[Text-to-region grounding data]
_ _ _
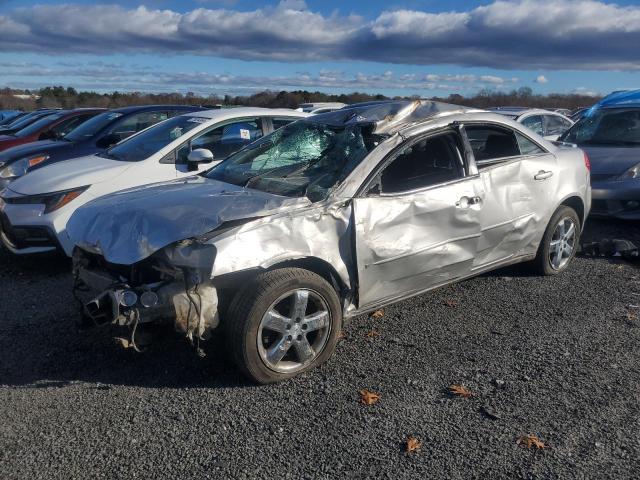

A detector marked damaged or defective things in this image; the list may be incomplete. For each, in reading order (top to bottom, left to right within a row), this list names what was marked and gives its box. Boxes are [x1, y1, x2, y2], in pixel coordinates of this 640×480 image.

crumpled hood [8, 155, 132, 194]
shattered windshield [102, 115, 205, 162]
shattered windshield [208, 122, 382, 202]
shattered windshield [560, 108, 640, 145]
crumpled hood [584, 147, 636, 177]
crumpled hood [67, 176, 310, 266]
rollover damage [67, 99, 588, 384]
severely damaged car [67, 100, 592, 382]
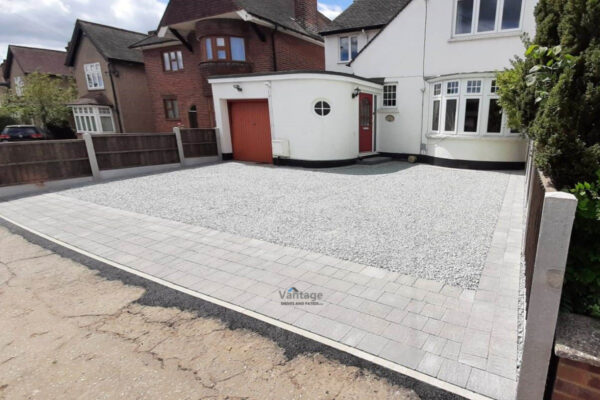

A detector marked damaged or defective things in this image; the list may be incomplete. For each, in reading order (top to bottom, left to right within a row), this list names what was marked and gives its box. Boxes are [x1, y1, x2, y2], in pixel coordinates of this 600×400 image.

cracked tarmac [0, 225, 422, 400]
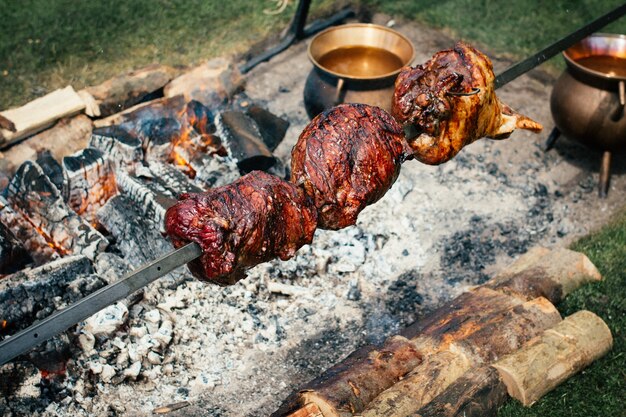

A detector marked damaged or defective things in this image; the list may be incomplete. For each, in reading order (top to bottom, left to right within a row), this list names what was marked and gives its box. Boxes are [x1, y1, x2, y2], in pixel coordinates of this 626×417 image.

burnt wood piece [83, 63, 176, 116]
burnt wood piece [0, 219, 31, 274]
burnt wood piece [0, 196, 59, 264]
burnt wood piece [0, 254, 100, 334]
burnt wood piece [35, 151, 67, 200]
burnt wood piece [6, 161, 107, 258]
burnt wood piece [62, 147, 118, 223]
burnt wood piece [88, 126, 143, 173]
burnt wood piece [216, 109, 274, 173]
burnt wood piece [246, 105, 290, 152]
burnt wood piece [292, 102, 410, 229]
burnt wood piece [482, 247, 600, 302]
burnt wood piece [270, 334, 426, 416]
burnt wood piece [360, 296, 560, 416]
burnt wood piece [412, 366, 510, 414]
burnt wood piece [492, 308, 608, 404]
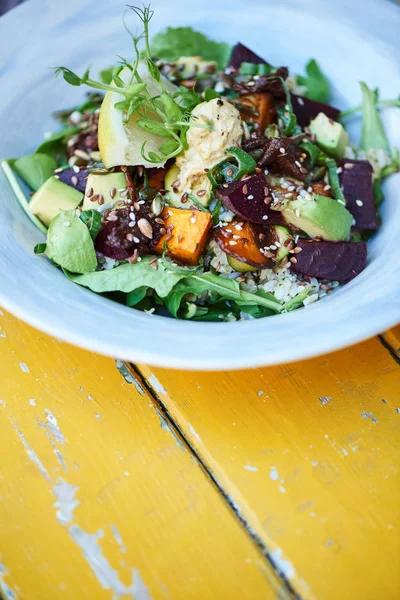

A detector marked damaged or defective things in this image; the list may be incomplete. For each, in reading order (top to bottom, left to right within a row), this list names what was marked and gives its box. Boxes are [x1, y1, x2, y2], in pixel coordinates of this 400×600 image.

peeling white paint [148, 372, 167, 396]
peeling white paint [44, 410, 65, 442]
peeling white paint [13, 424, 50, 480]
peeling white paint [54, 480, 80, 524]
peeling white paint [110, 524, 126, 552]
peeling white paint [69, 528, 152, 596]
peeling white paint [268, 548, 294, 580]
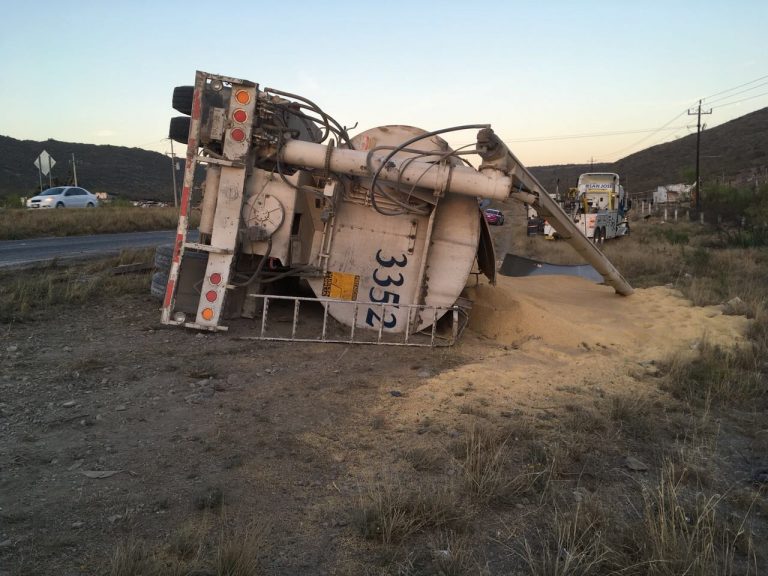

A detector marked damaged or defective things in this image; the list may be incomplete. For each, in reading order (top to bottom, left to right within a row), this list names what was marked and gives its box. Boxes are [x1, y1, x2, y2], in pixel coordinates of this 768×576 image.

overturned cement mixer truck [158, 70, 632, 344]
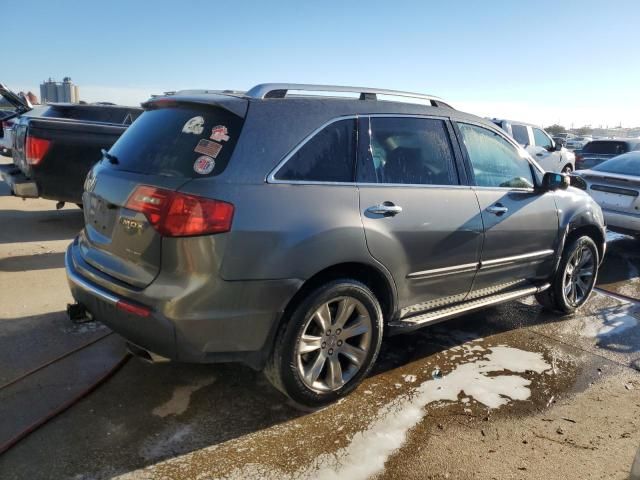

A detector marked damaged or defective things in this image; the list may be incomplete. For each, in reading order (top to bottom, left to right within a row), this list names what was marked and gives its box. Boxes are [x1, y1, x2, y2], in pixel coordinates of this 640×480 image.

damaged vehicle [0, 84, 141, 206]
damaged vehicle [67, 84, 608, 406]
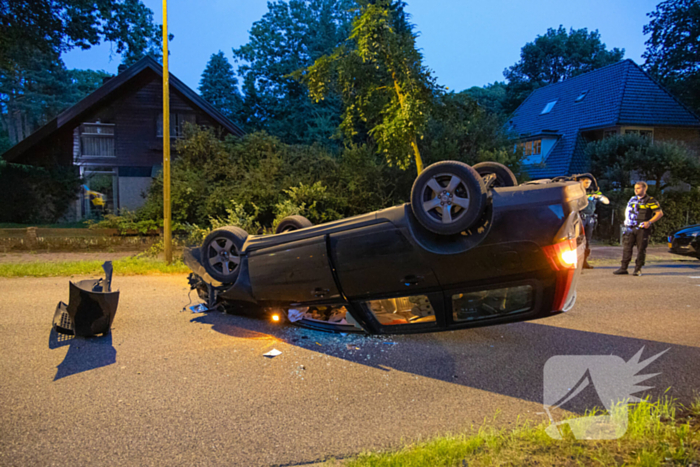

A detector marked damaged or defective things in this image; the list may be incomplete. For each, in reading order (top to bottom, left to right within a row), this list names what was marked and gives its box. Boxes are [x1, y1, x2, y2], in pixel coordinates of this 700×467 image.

overturned car [183, 163, 588, 334]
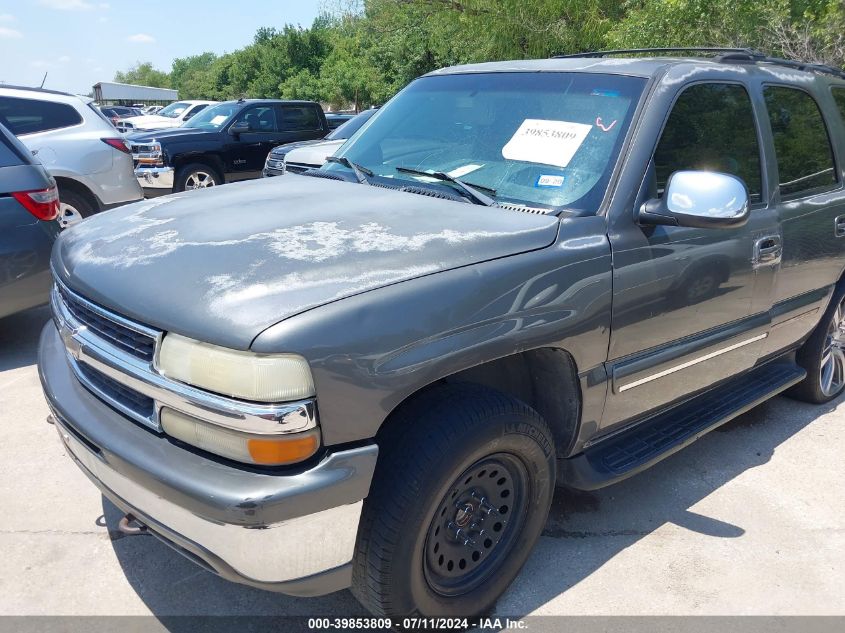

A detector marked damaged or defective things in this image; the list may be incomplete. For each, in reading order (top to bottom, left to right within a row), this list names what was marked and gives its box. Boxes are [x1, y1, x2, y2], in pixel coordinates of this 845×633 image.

peeling paint on hood [56, 175, 564, 348]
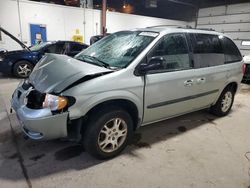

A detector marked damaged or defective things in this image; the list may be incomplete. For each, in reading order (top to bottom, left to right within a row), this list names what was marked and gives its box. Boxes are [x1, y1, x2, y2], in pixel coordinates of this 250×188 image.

damaged hood [28, 53, 112, 93]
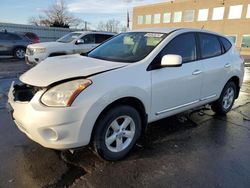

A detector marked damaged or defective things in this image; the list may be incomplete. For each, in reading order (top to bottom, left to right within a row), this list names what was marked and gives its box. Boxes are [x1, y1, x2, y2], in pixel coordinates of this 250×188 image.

crumpled hood [20, 54, 128, 87]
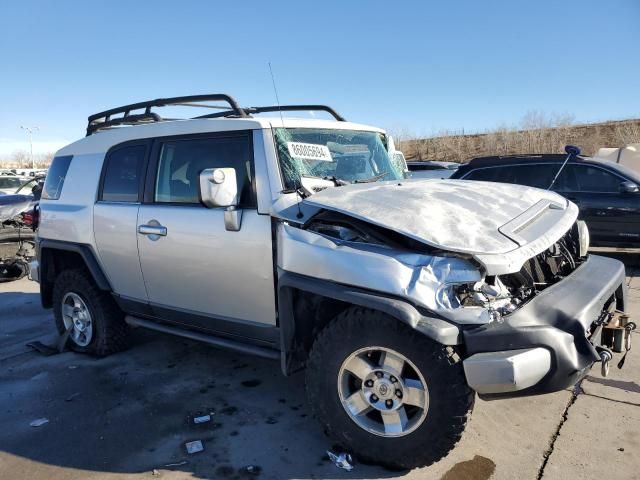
_ _ _
**Your assignment**
Write the records out exactly, dropping every image.

**Task response**
A detector marked damaged or defective things in this image; the list may be incomplete. For each, in reading order (top to bottom, left to right within a row), this list names what was marked and gives its box. Boxes are [x1, y1, x2, y2], in pixel coordinates of this 640×480 image.

crumpled hood [8, 155, 132, 194]
shattered windshield [102, 115, 205, 162]
shattered windshield [208, 122, 382, 202]
shattered windshield [560, 108, 640, 145]
crumpled hood [584, 147, 636, 177]
crumpled hood [67, 176, 310, 266]
rollover damage [67, 99, 588, 384]
severely damaged car [67, 100, 592, 382]

A detector marked damaged or defective things in this image; the list may be incomplete. For each, in reading order (top to bottom, left to right within a row), this list names what was marked and gives its box. Boxes are [x1, y1, x2, y2], in pixel coordinates of this 600×400 image.

cracked tarmac [0, 225, 422, 400]

A detector marked damaged or defective things in this image; the list may be incomplete. For each, in reading order (top to bottom, left to right within a row), this list names what was marked and gives its box. Boxes are [x1, y1, x2, y2], in pixel coordinates of this 626×417 image.

burnt wood piece [83, 63, 176, 116]
burnt wood piece [0, 219, 31, 274]
burnt wood piece [0, 196, 59, 264]
burnt wood piece [0, 254, 100, 334]
burnt wood piece [35, 151, 67, 200]
burnt wood piece [6, 161, 107, 258]
burnt wood piece [62, 147, 118, 223]
burnt wood piece [88, 126, 143, 173]
burnt wood piece [216, 109, 274, 173]
burnt wood piece [246, 105, 290, 152]
burnt wood piece [292, 102, 410, 229]
burnt wood piece [482, 247, 600, 302]
burnt wood piece [270, 334, 426, 416]
burnt wood piece [360, 296, 560, 416]
burnt wood piece [412, 366, 510, 414]
burnt wood piece [492, 308, 608, 404]

A detector marked damaged or defective things in this image; the list may be incomplete. For each, in reading order (top to bottom, left to right within a row), this list names what was marked and gives its box. Boxes are [x1, y1, x2, y2], in pixel coordinates of this 400×600 image.

peeling white paint [148, 372, 167, 396]
peeling white paint [44, 410, 65, 442]
peeling white paint [13, 424, 50, 480]
peeling white paint [54, 480, 80, 524]
peeling white paint [110, 524, 126, 552]
peeling white paint [69, 528, 152, 596]
peeling white paint [268, 548, 294, 580]

A detector marked damaged or defective things in this image; the list may be incomplete. For each, in reading order (top to bottom, left to right within a row), this list names what was marked and gives its box. Boxes are [x1, y1, x2, y2], in pixel coordinates of this 768×576 image.

overturned cement mixer truck [158, 70, 632, 344]

A detector marked damaged or defective things in this image; the list may be incomplete. For each, in reading order (top to bottom, left to right within a row), this list names what was marked and gives its box. Boxes are [x1, y1, x2, y2], in pixel coordinates of this 640×480 image.

damaged vehicle [0, 84, 141, 206]
damaged vehicle [67, 84, 608, 406]

A detector marked damaged or defective things in this image; the list may be incomplete. For each, in reading order (top to bottom, left to right within a row), this list names what was marked and gives its box. Boxes are [x1, y1, x2, y2], in pixel coordinates of this 700×467 image.

overturned car [183, 163, 588, 334]

A detector marked damaged or defective things in this image; the list may be incomplete. For each, in reading order (top to bottom, left to right within a row), this list names what was marked and gives its box. Boxes are [x1, y1, x2, y2], in pixel coordinates of this 845×633 image.

peeling paint on hood [56, 175, 564, 348]

A detector marked damaged or defective things in this image; the list may be incomplete. For each, in reading order (top to bottom, left to right within a row), this list names what was marked and gives its box. Boxes are [x1, y1, x2, y2], in pixel coordinates of this 250×188 image.

damaged hood [28, 53, 112, 93]

A detector marked damaged or defective things in this image; the list may be incomplete. For each, in reading order (top to bottom, left to right within a row), this list names what was marked and gives its box. Boxes are [x1, y1, x2, y2], in pixel coordinates of this 250×188 image.

crumpled hood [20, 54, 128, 87]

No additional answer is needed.